Class has just begun and we are reviewing the syllabus. To my right, two kids are messing around, talking and writing on the desks and wall. Dr. Swanke takes exception. “What are you doing?” booms across the classroom and, in my memory, shakes the windows. Dr. Swanke has a big voice. There is no response. Louder this time, “I asked you, what you are doing? You can tell me. I saw it.” I feel the walls shake. Again, no response.

Dr. Swanke sits quietly for several minutes. There is not a sound in the room. He begins in a quiet, controlled tone. “One year, two months, 14 days and,” he pauses to look at his watch, “18 hours ago, my daughter was brutally murdered.”

He continues solemnly, “I don’t know who my daughter’s killer is, but I can tell you he started with small acts of disrespect like writing on desks and ignoring common courtesies. And then it grew to disrespecting people to the point that they became things.”

His raw emotion is evident now. Some of the students are tearing up as he finishes. “My sweet, lovely daughter Anne was just a thing to him, an object, something to be used and thrown away,” he pauses here, “and it all started with simple, inconsequential acts of disrespect and unkindness.” Dr. Swanke then gets up and leaves the class in stunned and reeling silence.

I have taken that lesson with me, shared it whenever I could. Over the course of the semester, the lesson was explained in much greater depth and context, and it settled in as one of my abiding truths. Civility and civil discourse go a long way to define our culture’s and the individual’s character.

Like Dr. Swanke, I mourn the loss of civility, of civil discourse. At the risk of sounding like a grumpy old man, it seems more difficult to navigate the waters of civil discourse when the currents of incivility run so strong and deep.

Let me start with language. Profanity has so saturated our lexicon that most folks are completely unaware that one, they use it, and two, others might be offended by it. Going out to dinner, sitting in my own car at a traffic signal, even standing in line at Disneyland I have felt assaulted and insulted.

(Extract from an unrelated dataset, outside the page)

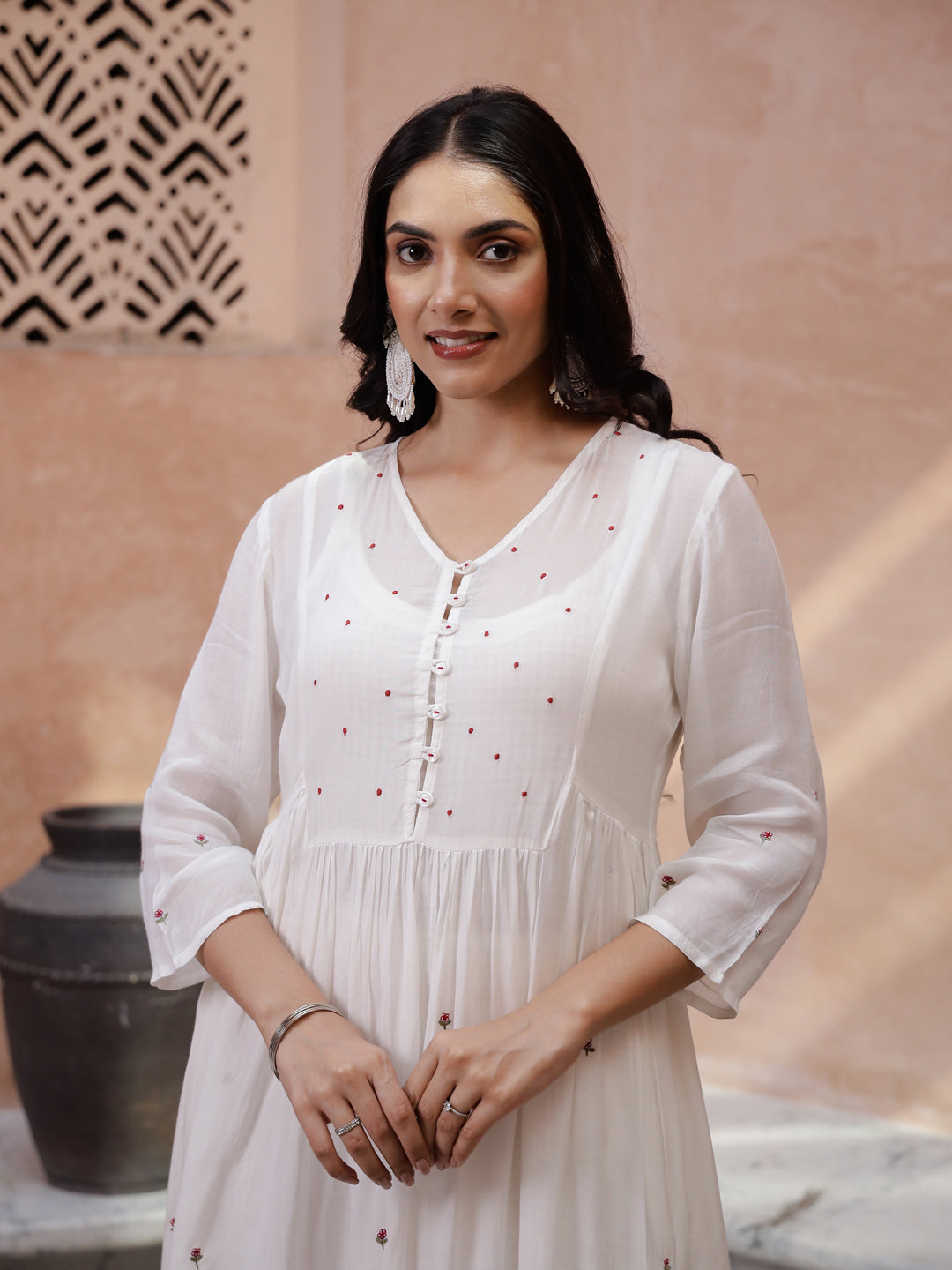 Off white Solid V-Neck Kurta Set for Women - SanskrutiHomes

On the few occasions I have made some suggestion that perhaps the language is incongruent with the company (most often with my wife and children), I have been met with even more colorful and offensive expletives, even threats of physical violence.

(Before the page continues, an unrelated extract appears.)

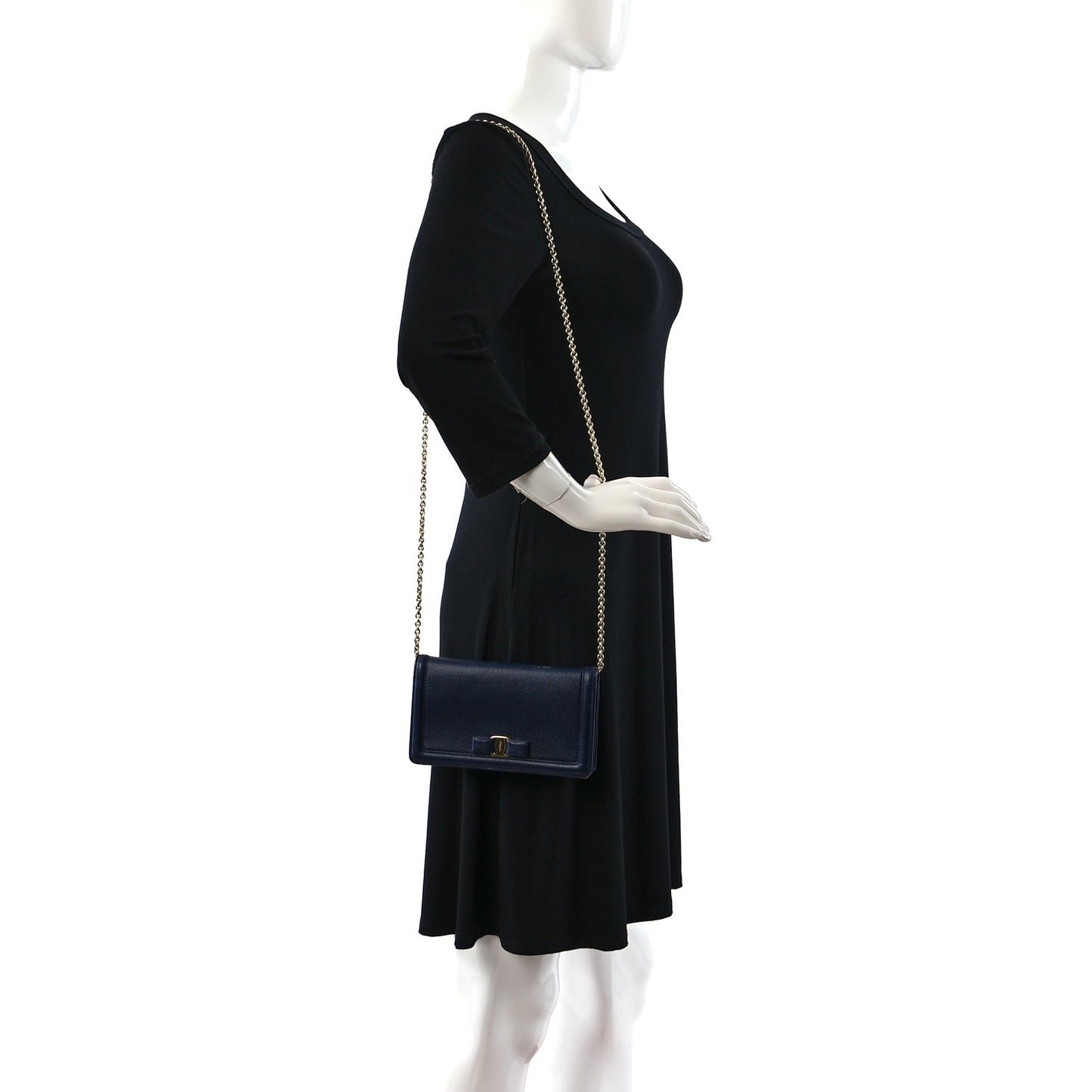 Vera Bow Wallet On Chain Blue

Recently, my wife and daughters were waiting in line at the DMV. A middle-aged gentleman had a German shepherd (not a service animal) that attempted to bite two other patrons. When he was asked to take the dog outside after the second incident, the man yelled a string of high-level expletives that silenced the entire building and stunned the waiting crowd. What is one to do?

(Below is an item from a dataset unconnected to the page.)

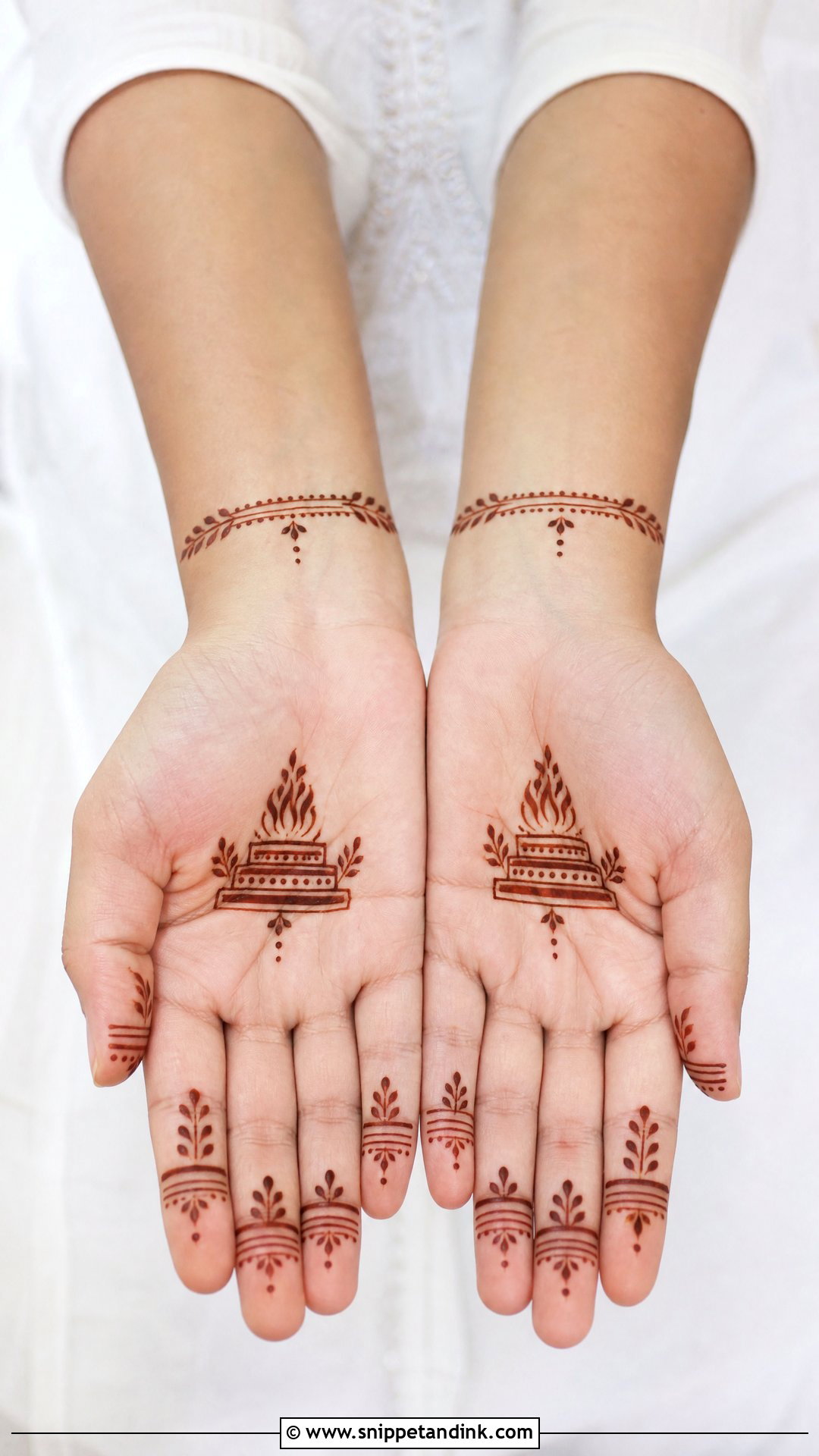 Havan Kund Minimal Mehndi Design - Snippet and Ink - 20 Havan Kund Mehndi Design Ideas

Bryan Stow and his family learned just how uncivil our world has become. Stow is the San Francisco Giants fan who was severely beaten outside Dodger Stadium. He has still not regained consciousness. It takes a special kind of ignorance and cowardice to reach this level of incivility. Increasingly we seem to find our way there.

Here is my limited and admittedly flawed contribution to reclaiming civil discourse. I think we need to rethink “being right.” It is terribly overrated and certainly strains civil exchange. In the end, if you want to be right, in your own world, you always are. Conversely, I find conceding, “You are right,” a powerful way to disarm an escalating argument. Sometimes it just isn’t worth it to go on.

Finally, I offer the six most powerful words in the English language. I am sorry. I was wrong. We should have required classes on these, demand daily practice. No six words have created more joy, repaired more relationships and mended more hurts. In the pursuit of civil discourse, no six words will take us further than these.